Debido a mi trabajo en Radio Clásica llevo más de una década sin coincidir en mi ciudad el día de San Sebastián. Por eso ahora que soy padre no veo el momento de poder mostrarle a mis hijos, de cinco y dos años, la magia de esta festividad. Porque se me ocurren pocas cosas más hermosas que ser un niño donostiarra el 20 de enero. No sé cuántas ciudades habrá en el mundo en las que grandes y pequeños celebren el mismo acontecimiento en pie de igualdad casi absoluta.

Ya de niño me preguntaba por qué las compañías de las personas mayores no se vestían con la imaginativa riqueza que las de los colegios, con sus inagotabables combinaciones de colores y peculiaridades como la sustitución del morrión por el gorro napoleónico o uno de inspiración escocesa. Esa experiencia, además, constituía un punto y aparte en nuestra educación. Porque si el resto del año podíamos ser algo movidos en clase, el día de Donostia todos desfilaban con una marcialidad y una elegancia insólitas, sin perder el compás, sonriendo lo justo al reconocer entre el gentío a la familia. Una lección de auténtica responsabilidad y de compañerismo que en aquellos tiempos que con más frecuencia visita mi memoria de lo sentimental, los años 80, sólo era enturbiada ocasionalmente por la lluvia y el difícil panorama que se vivía aquí.

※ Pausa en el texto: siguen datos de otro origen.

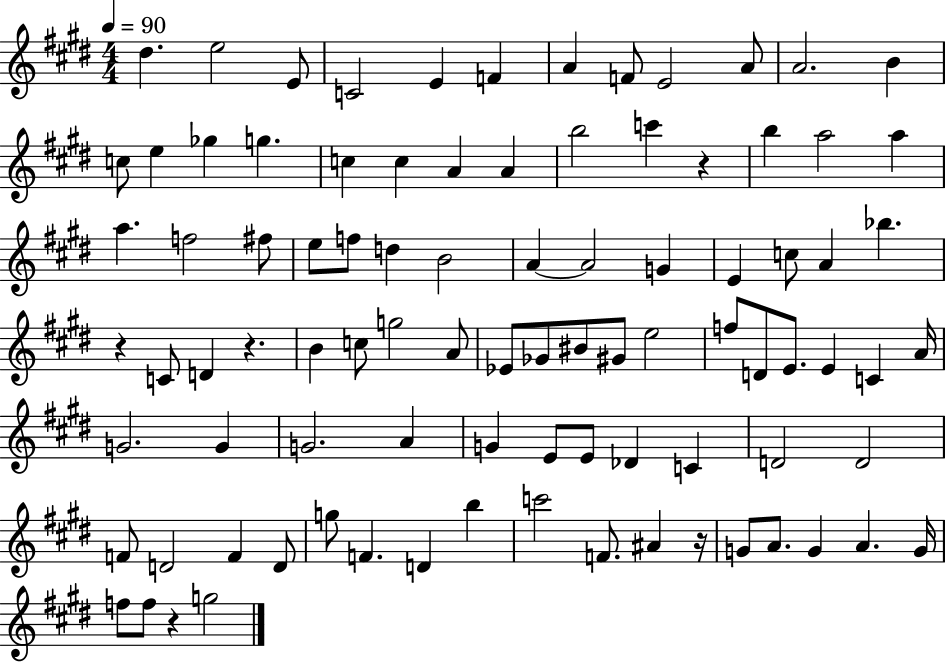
D#5/q. E5/h E4/e C4/h E4/q F4/q A4/q F4/e E4/h A4/e A4/h. B4/q C5/e E5/q Gb5/q G5/q. C5/q C5/q A4/q A4/q B5/h C6/q R/q B5/q A5/h A5/q A5/q. F5/h F#5/e E5/e F5/e D5/q B4/h A4/q A4/h G4/q E4/q C5/e A4/q Bb5/q. R/q C4/e D4/q R/q. B4/q C5/e G5/h A4/e Eb4/e Gb4/e BIS4/e G#4/e E5/h F5/e D4/e E4/e. E4/q C4/q A4/s G4/h. G4/q G4/h. A4/q G4/q E4/e E4/e Db4/q C4/q D4/h D4/h F4/e D4/h F4/q D4/e G5/e F4/q. D4/q B5/q C6/h F4/e. A#4/q R/s G4/e A4/e. G4/q A4/q. G4/s F5/e F5/e R/q G5/h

Este 20 de enero lo tendré que pasar en Madrid con el pesar de perderme una vez más la izada, el delicioso aroma al pasar delante de las sociedades y el emocionante resonar de Iriyarena o la Polka en la 'Consti'. Así que creo que la noche del 19 me prepararé unas gulas (las angulas son ya criaturas mitológicas), me encasquetaré un arrugado gorro de cocinero y les pondré a mis hijos, Maia y Mikel, la Marcha de San Sebastián del entrañable Raimundo Sarriegui para seguirla a golpe de cuchara en la encimera de la cocina.

Es más que probable que no entiendan porqué hago esto, pero no importa. Estoy seguro de que un día, ya todos juntos en la Bella Easo, serán capaces de vivirlo como yo.